The frontal plane leads

Remember that each lead is so primitive that it can “see” in only one dimension and can sense only if the electrical force is coming toward it or going away from it. Using this method, examine the P wave in lead I first. Your perspective is that of someone viewing the cardiac events from this location. The sensor at lead I is perfectly placed to provide one critical piece of information, namely whether the electrical force is pointing left or right. If the P wave (or any wave for that matter) is upright or positive, then the observer visualizes that force as pointing toward the patient’s left side. If the lead I sensor is negative or downward, the observer visualizes the force as pointing toward the patient’s right side. This concept of “positive = toward” and “negative = away” relative to any of the EKG leads is fundamental to visualizing direction.

Once again, remember that each of the 12 EKG leads is so primitive it can “see” only in one dimension and can sense only if an electrical force is coming toward it or going away from it. Lead I has already let the observer visualize whether the force is pointing right or left. Lead AVF is the sensor below the patient’s feet and provides the perspective of someone viewing the cardiac events from below. The sensor at lead AVF is perfectly placed to provide another critical piece of information, namely whether the electrical force is pointing up or down. If the P wave (or any wave for that matter) is upright or positive, then the observer visualizes that force as pointing toward the patient’s feet, which is where AVF is placed. If the lead AVF sensor is negative or downward, then the observer visualizes the force as pointing toward the patient’s head. Be careful with AVF! If lead AVF is up, then visualize the force as downward!

The view from the top: The horizontal plane

Space has three dimensions.
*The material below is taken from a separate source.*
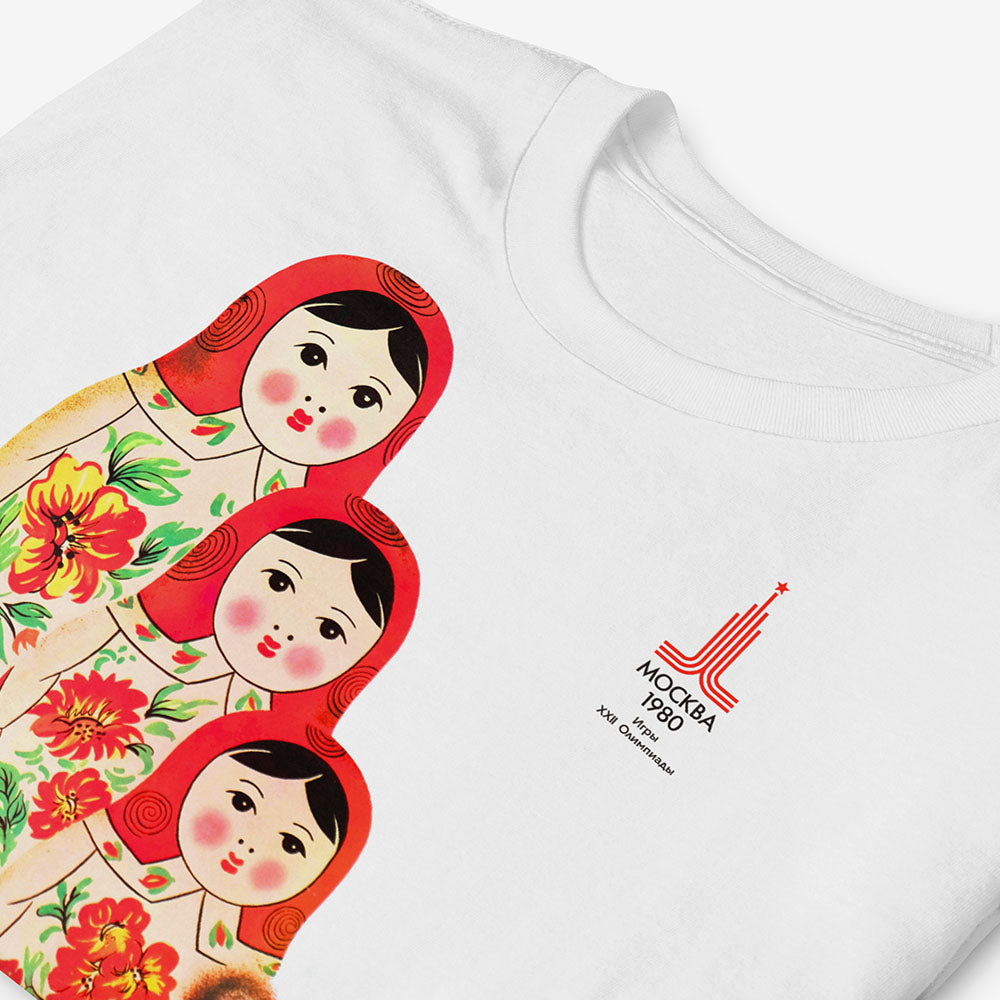 T-shirt with 1980 Soviet Olympics Misha and Matryoshka dolls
So do all living things. So far, we visualized the heart in two dimensions:

  • Up and down
  • Left and right

The third dimension, the horizontal plane, looks at the body and the heart from above. It visualizes right and left, but instead of up and down, it shows if the electrical force is moving frontward (anterior) or backward (posterior).

Draw the horizontal plane diagram

Lead V2 is directly anterior. Lead V6 is at the patient’s left.
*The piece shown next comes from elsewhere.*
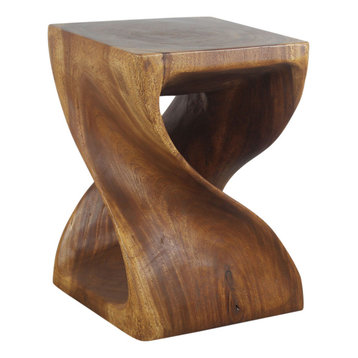 Haussmann Wood Twist End Table 15x15x20" High Walnut Oil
Labeling the degree increments

Lead V6 is arbitrarily considered to be 0°. Counterclockwise from V6 is negative. Clockwise from V6 is positive.

Next assess the horizontal leads

Begin with V6. Since the QRS is positive in V6, the direction is toward the patient’s left side. The QRS is negative in V2. Therefore we visualize the QRS as pointing toward the patient’s back, which is normal.
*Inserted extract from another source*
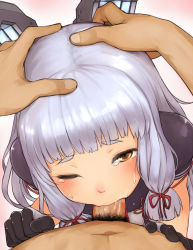 Rule 34 | 10s, 1girl, blunt bangs, cum, cum in mouth, deepthroat, derivative work, dress, fellatio, gloves, hair ribbon, hands on another&#039;s head, headgear, irrumatio, kantai collection, long hair, looking at viewer, looking up, miyako (overlook), murakumo (kancolle), one eye closed, oral, orange eyes, penis, pov, pubic hair, ribbon, sailor dress, short eyebrows, silver hair, solo focus, tress ribbon, uncensored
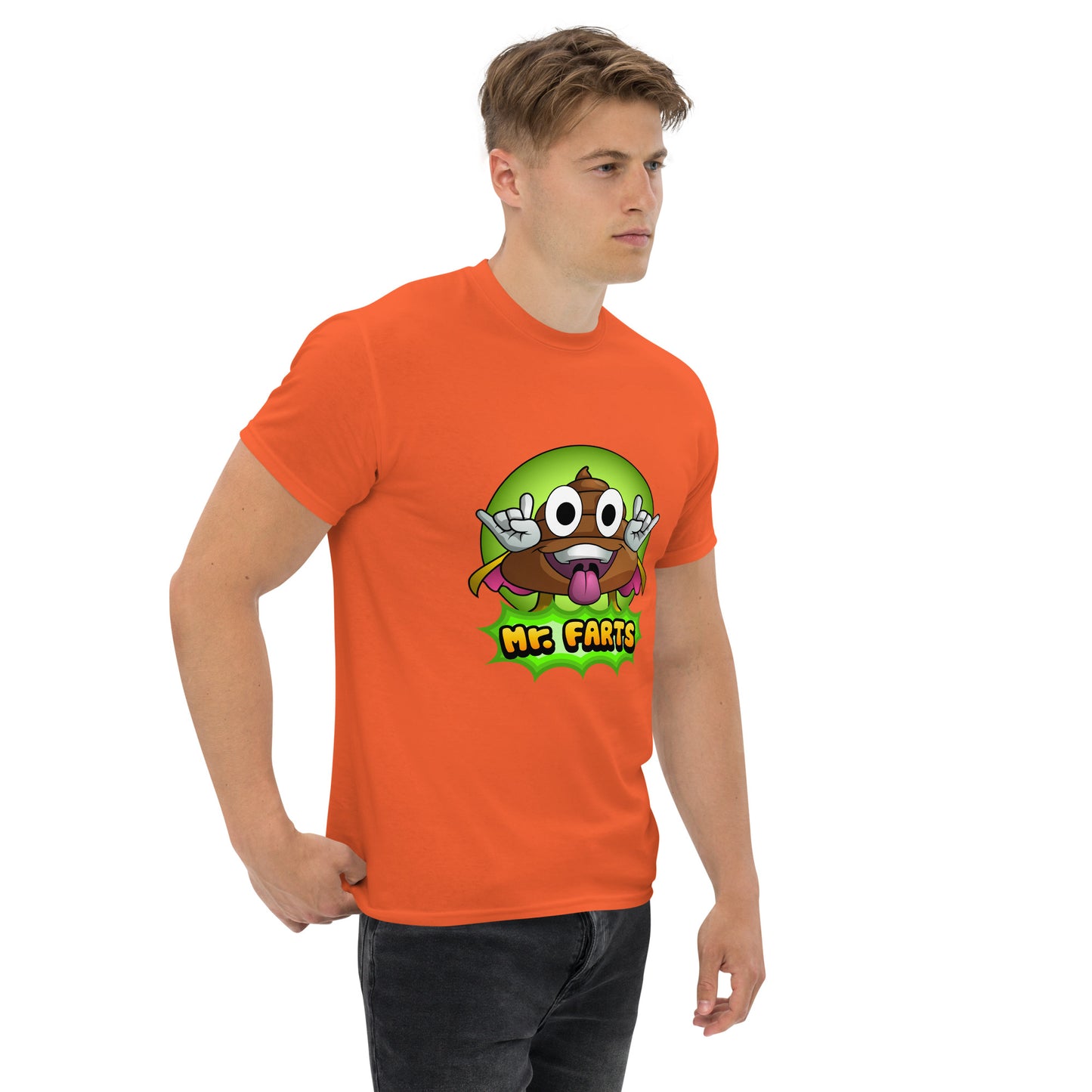 Right angled view of Mr Farts t-shirt in orange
3D summary and conclusion—step by step

We have determined that:

Lead Which told us
Lead I is positive
the QRS direction is leftward
Lead AVF is positive
the QRS direction is downward or inferior
Lead III is negative
the QRS direction was <+30°
Lead V2 is negative
the QRS direction was posterior!

And all that information is equivalent to saying the QRS direction is at +15° in the frontal plane and pointing posteriorly in the horizontal plane! This QRS direction is normal. Practice these visualizations thoroughly, and you will find the rest of the book reduces to very simple concepts.

memorize this

The three key leads to visualization!

Any P, or QRS, or T wave that is . . .

Upward in But downward in
Lead I is pointing to the patient’s left side
Lead I is pointing to the patient’s right side
Lead AVF is pointing inferiorly (careful!)
Lead AVF is pointing superiorly (careful!)
Lead V2 is pointing anteriorly
Lead V2 is pointing posteriorly

The P wave direction

Normally inferiorly and to the left

Depolarization of the right atrium and left atrium causes an electrical force that appears on the EKG as a P wave. The P wave has a normal direction based on this normal physiology. The electrical impulse is expected to travel through the atria toward the AV node in a direction (Figure 6.63a) that is downward and to the left. Therefore, the P wave would typically be positive in lead I (leftward) and positive in lead AVF (inferior) as well.